One of the challenges with big data is to properly estimate your uncertainty. Often “big data” means a huge amount of data that isn’t exactly what you want.
As an example, suppose you have data on how a drug acts in monkeys and you want to infer how the drug acts in humans. There are two sources of uncertainty:
- How well do we really know the effects in monkeys?
- How well do these results translate to humans?
The former can be quantified, and so we focus on that, but the latter may be more important. There’s a strong temptation to believe that big data regarding one situation tells us more than it does about an analogous situation.

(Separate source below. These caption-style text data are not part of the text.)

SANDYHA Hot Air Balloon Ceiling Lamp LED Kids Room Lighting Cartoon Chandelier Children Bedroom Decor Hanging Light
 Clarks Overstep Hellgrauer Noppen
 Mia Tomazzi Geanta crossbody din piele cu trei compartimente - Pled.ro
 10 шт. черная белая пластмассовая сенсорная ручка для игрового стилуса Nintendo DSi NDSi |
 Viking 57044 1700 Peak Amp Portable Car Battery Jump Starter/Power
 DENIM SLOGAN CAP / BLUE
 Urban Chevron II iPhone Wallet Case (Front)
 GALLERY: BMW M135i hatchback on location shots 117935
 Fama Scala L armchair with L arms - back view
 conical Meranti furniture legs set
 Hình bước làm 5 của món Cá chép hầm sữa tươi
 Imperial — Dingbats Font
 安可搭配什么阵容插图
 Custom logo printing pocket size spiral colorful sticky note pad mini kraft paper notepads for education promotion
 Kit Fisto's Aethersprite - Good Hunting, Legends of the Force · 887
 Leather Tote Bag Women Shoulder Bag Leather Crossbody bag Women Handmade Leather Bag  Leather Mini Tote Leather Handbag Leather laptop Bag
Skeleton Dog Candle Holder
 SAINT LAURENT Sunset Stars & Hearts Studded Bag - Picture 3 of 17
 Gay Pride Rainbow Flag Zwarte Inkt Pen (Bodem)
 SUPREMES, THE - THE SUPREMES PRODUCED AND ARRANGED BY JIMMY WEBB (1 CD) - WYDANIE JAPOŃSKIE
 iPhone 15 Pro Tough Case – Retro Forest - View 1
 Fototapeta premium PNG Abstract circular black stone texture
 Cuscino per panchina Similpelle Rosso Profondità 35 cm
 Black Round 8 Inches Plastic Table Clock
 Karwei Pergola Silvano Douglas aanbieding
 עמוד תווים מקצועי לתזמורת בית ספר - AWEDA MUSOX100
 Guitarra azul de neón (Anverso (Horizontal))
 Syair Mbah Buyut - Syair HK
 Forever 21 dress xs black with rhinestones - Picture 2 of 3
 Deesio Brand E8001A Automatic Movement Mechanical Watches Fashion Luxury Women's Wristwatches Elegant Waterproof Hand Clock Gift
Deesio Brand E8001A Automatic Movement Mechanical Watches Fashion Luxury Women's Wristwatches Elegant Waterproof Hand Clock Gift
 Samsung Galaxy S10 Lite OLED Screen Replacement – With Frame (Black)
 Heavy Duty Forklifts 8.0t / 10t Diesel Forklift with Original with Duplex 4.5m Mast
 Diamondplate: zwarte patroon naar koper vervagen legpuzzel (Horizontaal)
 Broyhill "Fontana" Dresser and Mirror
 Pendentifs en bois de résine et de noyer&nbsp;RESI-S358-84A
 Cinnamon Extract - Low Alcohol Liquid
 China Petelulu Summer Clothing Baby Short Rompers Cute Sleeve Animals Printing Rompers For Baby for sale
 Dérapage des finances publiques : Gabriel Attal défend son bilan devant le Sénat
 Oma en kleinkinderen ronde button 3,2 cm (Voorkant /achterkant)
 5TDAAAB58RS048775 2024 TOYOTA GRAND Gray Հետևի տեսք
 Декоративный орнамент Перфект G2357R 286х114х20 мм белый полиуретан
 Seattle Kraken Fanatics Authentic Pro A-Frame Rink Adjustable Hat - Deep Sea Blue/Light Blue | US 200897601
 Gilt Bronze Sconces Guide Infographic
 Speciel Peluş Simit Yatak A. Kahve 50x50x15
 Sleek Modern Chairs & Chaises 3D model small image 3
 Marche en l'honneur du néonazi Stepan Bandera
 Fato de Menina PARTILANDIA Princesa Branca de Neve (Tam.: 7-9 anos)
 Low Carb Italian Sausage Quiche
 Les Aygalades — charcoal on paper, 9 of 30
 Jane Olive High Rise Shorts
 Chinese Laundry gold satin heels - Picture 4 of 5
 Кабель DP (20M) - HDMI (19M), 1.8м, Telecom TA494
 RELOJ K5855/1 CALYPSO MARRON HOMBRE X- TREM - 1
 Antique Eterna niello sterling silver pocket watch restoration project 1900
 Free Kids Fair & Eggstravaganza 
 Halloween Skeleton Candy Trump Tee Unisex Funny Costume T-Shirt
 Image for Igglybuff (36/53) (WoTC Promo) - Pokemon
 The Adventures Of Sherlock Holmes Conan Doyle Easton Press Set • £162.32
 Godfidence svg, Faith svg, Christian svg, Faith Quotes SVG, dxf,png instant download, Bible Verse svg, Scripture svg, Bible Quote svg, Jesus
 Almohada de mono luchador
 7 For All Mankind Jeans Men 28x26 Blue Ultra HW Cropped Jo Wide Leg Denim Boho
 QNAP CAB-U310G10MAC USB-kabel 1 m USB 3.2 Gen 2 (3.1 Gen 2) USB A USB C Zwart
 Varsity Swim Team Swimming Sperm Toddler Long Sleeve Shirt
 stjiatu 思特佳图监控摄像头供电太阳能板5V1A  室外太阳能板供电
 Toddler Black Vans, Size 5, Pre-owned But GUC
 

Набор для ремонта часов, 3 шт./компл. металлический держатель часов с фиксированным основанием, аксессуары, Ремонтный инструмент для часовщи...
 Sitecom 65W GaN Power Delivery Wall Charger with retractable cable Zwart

I’ve seen people reason as follows. We don’t really know how results translate from monkeys to humans (or from one chemical to a related chemical, from one market to an analogous market, etc.). We have a moderate amount of data on monkeys and we’ll decimate it and use that as if it were human data, say in order to come up with a prior distribution.
Down-weighting by a fixed ratio, such as 10 to 1, is misleading. If you had 10x as much data on monkeys, would you as much about effects in humans as if the original smaller data set were collected on people? What if you suddenly had “big data” involving every monkey on the planet. More data on monkeys drives down your uncertainty about monkeys, but does nothing to lower your uncertainty regarding how monkey results translate to humans.
At some point, more data about analogous cases reaches diminishing return and you can’t go further without data about what you really want to know. Collecting more and more data about how a drug works in adults won’t help you learn how it works in children. At some point, you need to treat children. Terabytes of analogous data may not be as valuable as kilobytes of highly relevant data.